The densest concentration of college-and-recent-graduate audience in the U.S.
Boston's social geography has no analog. Cambridge, Somerville, and Allston-Brighton carry a population density of the eighteen-to-thirty-two cohort that no other U.S. metro replicates — and the bar TV venues inside them index harder for the audience dating and social apps want than anywhere else in our network.
Boston-area dating and social-app advertising weighted to dense corridors through Cambridge, Somerville, the Back Bay, and the Allston-Brighton college-market extension. Bar TV in dating-and-social-indexing venues during Thursday-through-Saturday primetime; rideshare for the post-night-out moment; programmatic for daytime retargeting.
Boston's social-app demographic is geographically more concentrated than any other market we run. Cambridge carries the Harvard-MIT-and-graduate-school audience. Somerville carries the post-college residential corridor where the recent-graduate cohort lives once they're three years out of school. Allston-Brighton carries the BU-and-BC student and recent-graduate density. The Seaport and the Back Bay carry the young-professional class four-to-ten years out, working downtown and going out in the same neighborhoods at night.
Our bar TV venue list in Boston maps to all four districts with different audience composition. Cambridge venues skew older and more graduate-school. Somerville and Allston skew younger and more student-dense. The Seaport and Back Bay skew young-professional. A dating or social-app flight in Boston typically picks one or two of those audience layers depending on the product's target user, and the venue list gets built specifically against that cohort rather than running flat across the metro.

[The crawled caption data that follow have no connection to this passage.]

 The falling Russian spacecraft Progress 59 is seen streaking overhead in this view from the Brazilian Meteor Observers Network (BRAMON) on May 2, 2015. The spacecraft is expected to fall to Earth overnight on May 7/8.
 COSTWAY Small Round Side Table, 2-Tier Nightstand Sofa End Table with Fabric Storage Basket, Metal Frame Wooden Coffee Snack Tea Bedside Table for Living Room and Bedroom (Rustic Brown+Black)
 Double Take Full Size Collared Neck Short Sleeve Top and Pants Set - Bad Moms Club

Creative for dating and social products in Boston is brand-forward at the same level as our other markets, with one distinction: the Boston audience over-indexes for skepticism of overtly direct-response messaging compared to Phoenix or Chicago. Tone-driven creative outperforms offer-driven creative here at a noticeably wider margin than in our other markets, which usually means longer-form fifteen-second cuts with no on-screen call-to-action perform best.
Rideshare is a strong layer across the post-Cambridge-and-Allston ride windows on Thursday, Friday, and Saturday nights. The post-bar audience in those corridors fits the dating-app target user almost exactly. Programmatic display runs daytime retargeting against the bar TV exposure list, and given the density of the metro the retargeting layer typically converts harder in Boston than in our larger-footprint markets.

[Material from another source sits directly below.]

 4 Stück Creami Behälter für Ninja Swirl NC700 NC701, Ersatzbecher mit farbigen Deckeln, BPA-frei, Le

Recent: a social networking app running a twelve-week Boston flight weighted heavily toward the Cambridge and Allston-Brighton audience, with rideshare running Thursday through Saturday nights and programmatic retargeting carrying the daytime layer. Install velocity built week over week through the flight with the steepest acceleration in the weeks following heaviest bar TV weight.
Frequently asked questions
What does Highfloor Media actually do?
Highfloor sells three coordinated ad surfaces — a curated bar and restaurant TV network, programmatic display, and rideshare in-vehicle screens — to brands reaching active, social, out-spending audiences. We operate across Phoenix, Boston, and Chicago and specialize in regulated and conversion-window verticals: cannabis, legal, nightlife, hospitality, dating, and restaurants and delivery.
What does a campaign cost?
Pricing depends on inventory size and footprint. Small-inventory placements in very specific corridors or single-venue clusters start in the hundreds of dollars. Full regional dominance flights — multiple venues across an entire metro, layered with programmatic and rideshare — typically run in the five-figures-per-month range. Custom quotes within one business day.
How fast do campaigns go live?
Most flights launch within two to three weeks of insertion order. The path is: brief and compliance review (week one), creative review and trafficking (week one to two), in-flight (week two onward). Rush turnarounds are possible for non-regulated verticals.
Do you handle creative?
We provide the format spec and review every creative before it ships. We do not produce creative end-to-end as a default service, but we partner with brands' creative teams or external production partners and have produced cuts from existing brand assets where the brief calls for it.
How is performance measured?
Weekly venue-level and daypart-level reporting is included on every flight. For verticals where conversion measurement matters — cannabis, legal, hospitality — we add foot-traffic attribution within a five-mile radius of conversion points, branded-search and call-volume halo measurement, and category-specific metrics like draft-handle pull-through or ticket velocity.
Where does Highfloor operate?
Phoenix, Boston, and Chicago are the priority operator-controlled markets. The bar and restaurant network extends across thousands of venues nationwide, and programmatic and rideshare layer on top of that footprint per campaign.
What's the typical flight length?
Twelve weeks is standard. Some campaigns run year-round (especially legal and same-store comp restaurants). Event-driven campaigns run eight to twelve weeks, weighted toward the lead-up window. The flight length is built around the brief, not a default contract.